1. Field of Invention
The present invention relates to aromatic silicon-containing compounds, and to their use in silicon-containing outmost protective layers such as for electrophotographic photoreceptors, and process cartridges and image forming apparatuses containing photoreceptors having such protective layers. The present invention relates to methods of making such aromatic silicon-containing compounds, crosslinked siloxane outmost protective layers, electrophotographic photoreceptors, process cartridges, and image forming apparatuses.
2. Description of Related Art
In xerography, or electrophotographic printing/copying, a charge-retentive device called a photoreceptor is electrostatically charged. For optimal image production, the photoreceptor should be uniformly charged across its entire surface. The photoreceptor is then exposed to a light pattern of an input image to selectively discharge the surface of the photoreceptor in accordance with the image. The resulting pattern of charged and discharged areas on the photoreceptor forms an electrostatic charge pattern (i.e., a latent image) conforming to the input image. The latent image is developed by contacting it with finely divided electrostatically attractable powder called toner. Toner is held on the image areas by electrostatic force. The toner image may then be transferred to a substrate or support member, and the image is then affixed to the substrate or support member by a fusing process to form a permanent image thereon. After transfer, excess toner left on the photoreceptor is cleaned from its surface, and residual charge is erased from the photoreceptor.

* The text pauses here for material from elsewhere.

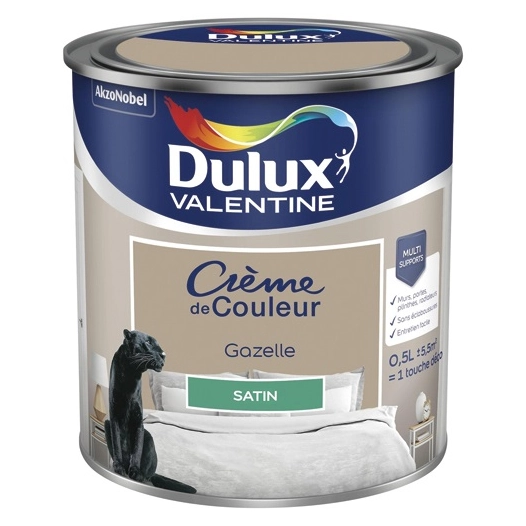 Valentine crème de couleur satin 0.5l gazelle - DULUX VALENTINE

Electrophotographic photoreceptors can be provided in a number of forms. For example, the photoreceptors can be a homogeneous layer of a single material, such as vitreous selenium, or it can be a composite layer containing a photoconductive layer and another material. In addition, the photoreceptor can be layered. Current layered photoreceptors generally have at least a flexible substrate support layer and two active layers. These active layers generally include a charge generating layer containing a light absorbing material, and a charge transport layer containing electron donor molecules. These layers can be in any order, and sometimes can be combined in a single or a mixed layer. The flexible substrate support layer can be formed of a conductive material. Alternatively, a conductive layer can be formed on top of a nonconductive flexible substrate support layer.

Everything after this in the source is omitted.